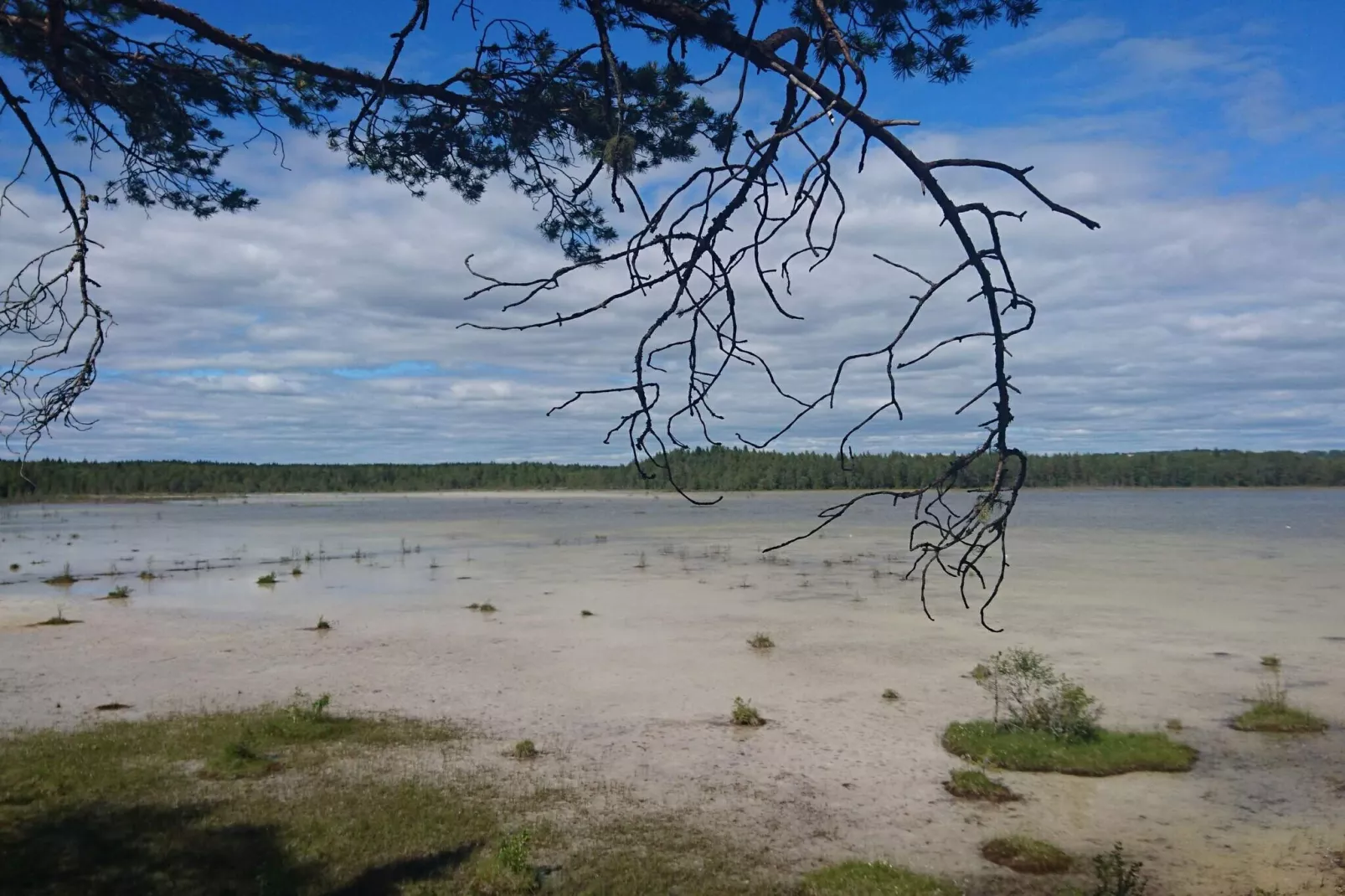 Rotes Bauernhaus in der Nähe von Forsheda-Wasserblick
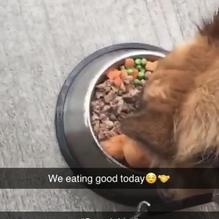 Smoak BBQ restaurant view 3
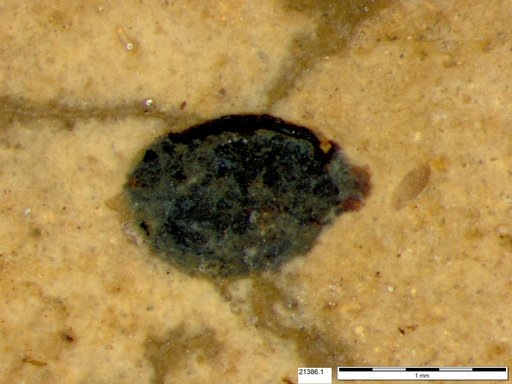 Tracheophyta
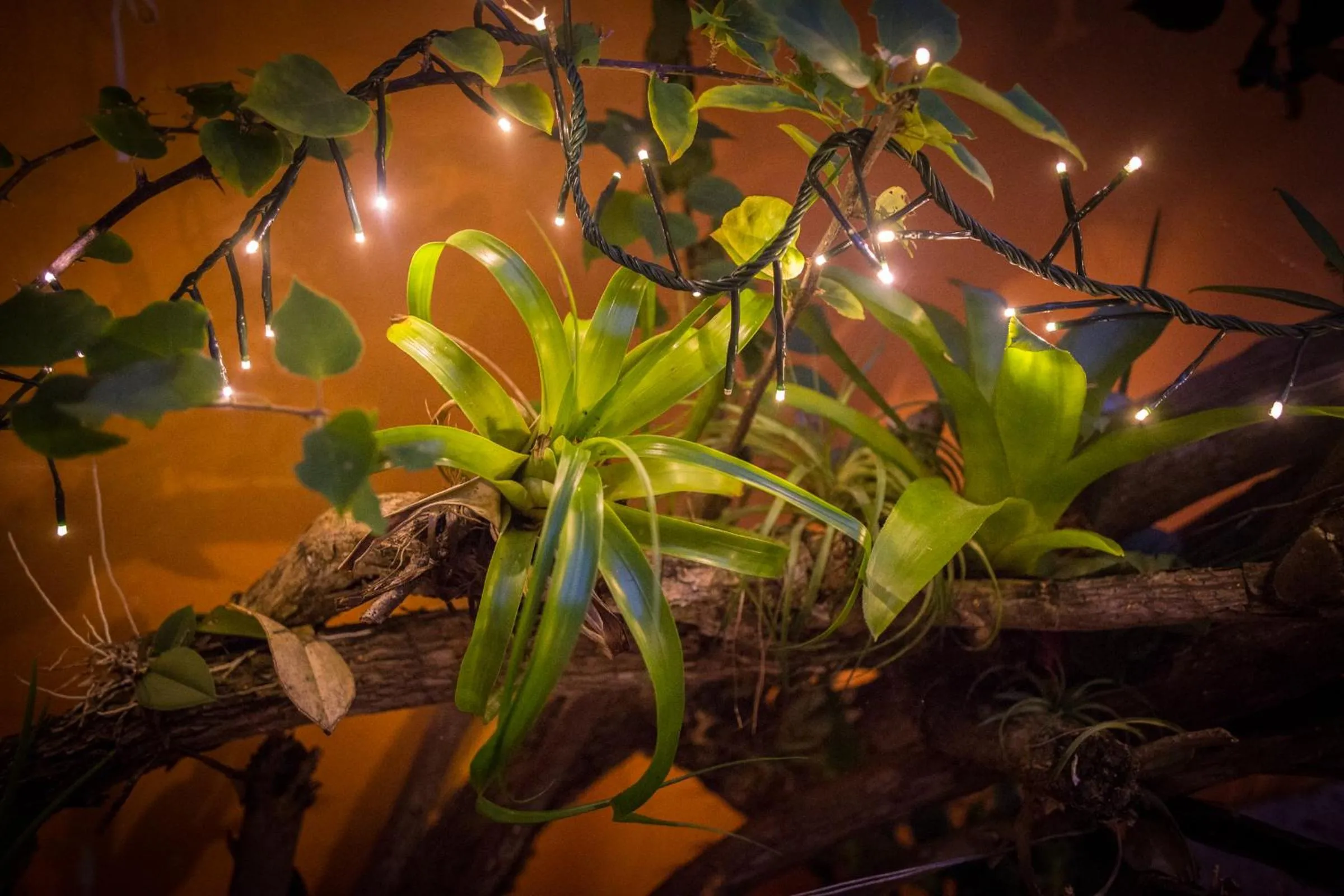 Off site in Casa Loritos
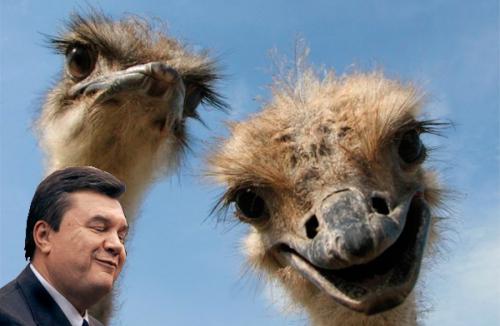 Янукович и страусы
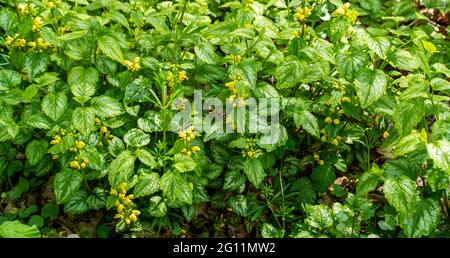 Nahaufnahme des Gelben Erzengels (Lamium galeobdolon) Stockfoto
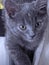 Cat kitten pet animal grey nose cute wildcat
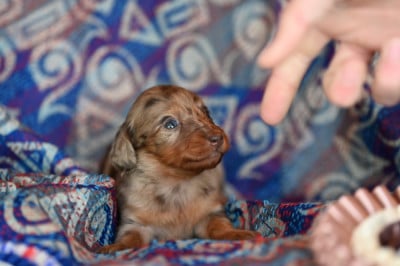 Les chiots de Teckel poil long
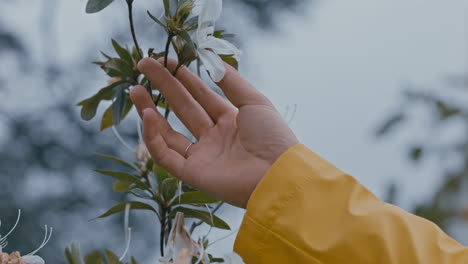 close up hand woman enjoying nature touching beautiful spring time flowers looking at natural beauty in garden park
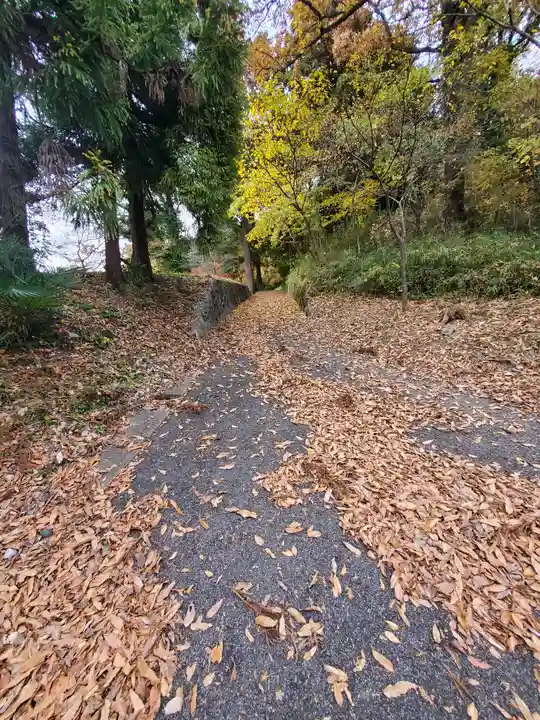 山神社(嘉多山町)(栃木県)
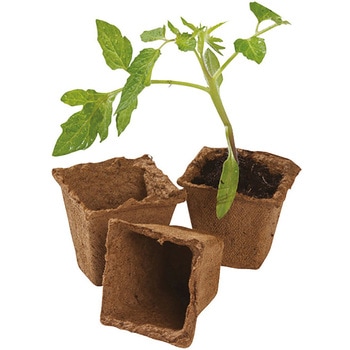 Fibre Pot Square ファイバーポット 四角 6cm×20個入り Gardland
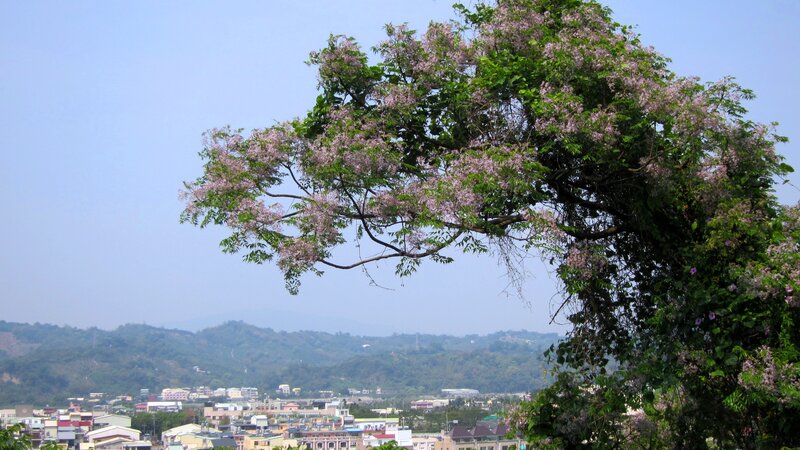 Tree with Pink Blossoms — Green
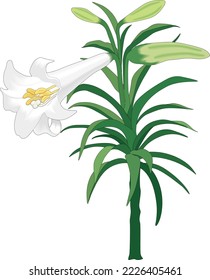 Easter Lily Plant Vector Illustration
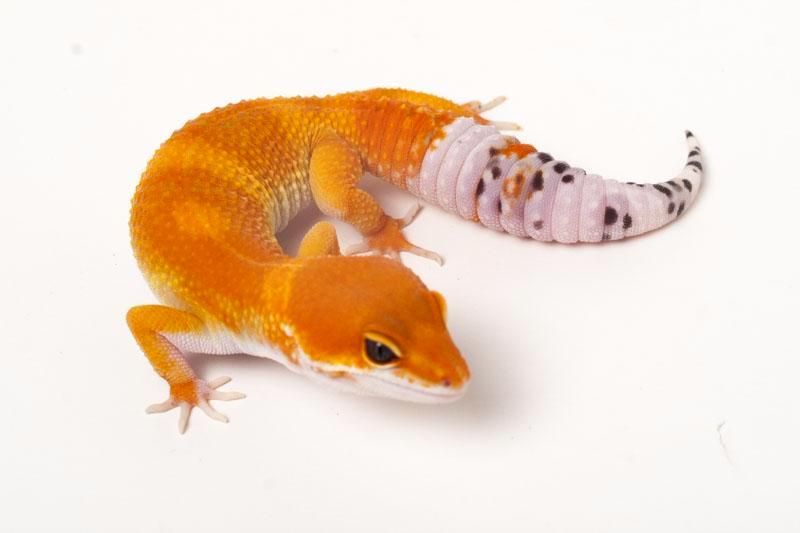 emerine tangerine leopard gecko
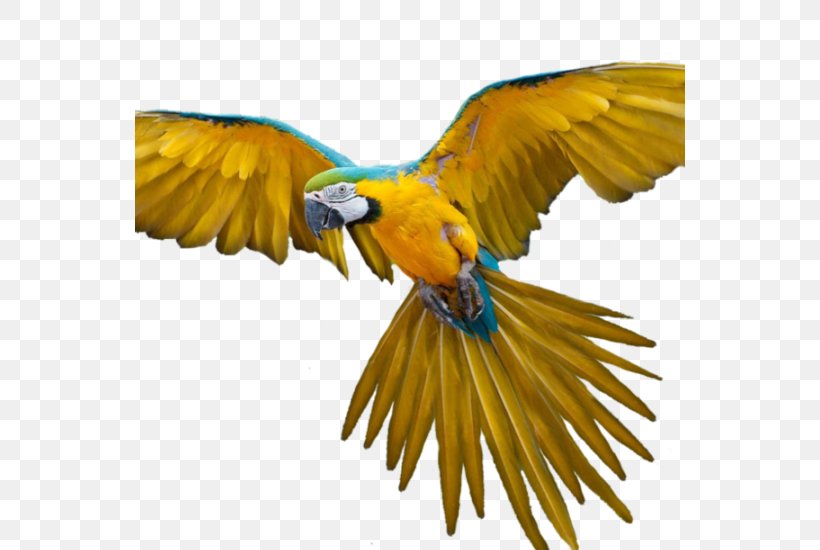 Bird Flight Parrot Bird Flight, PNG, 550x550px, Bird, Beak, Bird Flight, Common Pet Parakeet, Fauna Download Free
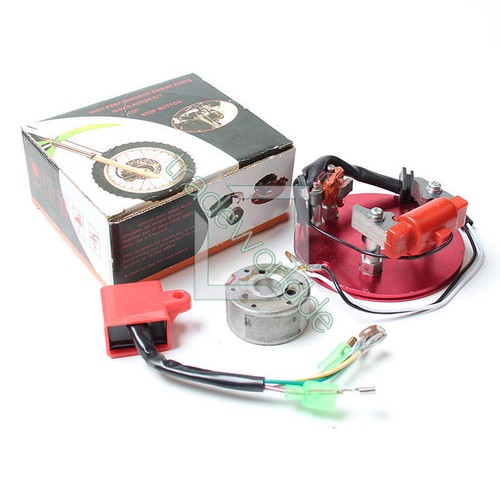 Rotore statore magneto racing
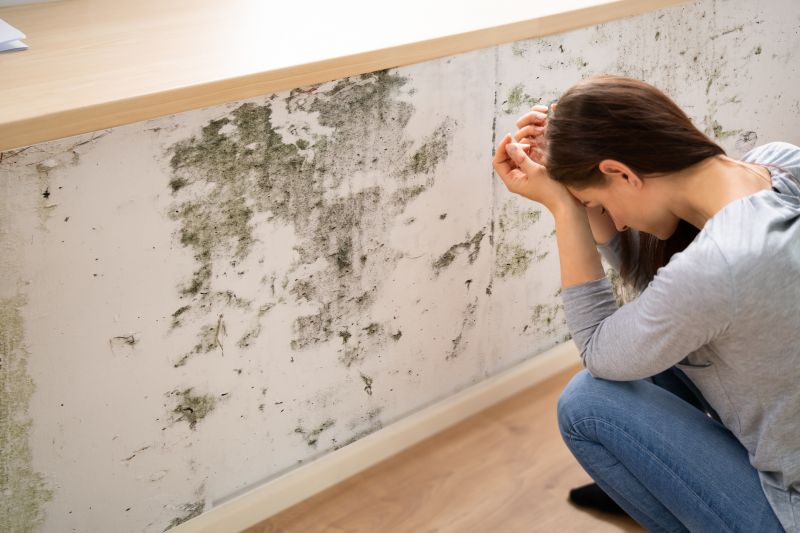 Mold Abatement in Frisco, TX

**WORK TO BE COMPLETED:** Retype exactly the lines above, starting at the line containing "Tracheophyta" and ending with the last line, both included; leave out the pictures.

**ANSWER FOR THIS EXERCISE:**
 Tracheophyta
 Off site in Casa Loritos
 Янукович и страусы
 Nahaufnahme des Gelben Erzengels (Lamium galeobdolon) Stockfoto
 Cat kitten pet animal grey nose cute wildcat
 Les chiots de Teckel poil long
 close up hand woman enjoying nature touching beautiful spring time flowers looking at natural beauty in garden park
 山神社(嘉多山町)(栃木県)
 Fibre Pot Square ファイバーポット 四角 6cm×20個入り Gardland
 Tree with Pink Blossoms — Green
 Easter Lily Plant Vector Illustration
 emerine tangerine leopard gecko
 Bird Flight Parrot Bird Flight, PNG, 550x550px, Bird, Beak, Bird Flight, Common Pet Parakeet, Fauna Download Free
 Rotore statore magneto racing
 Mold Abatement in Frisco, TX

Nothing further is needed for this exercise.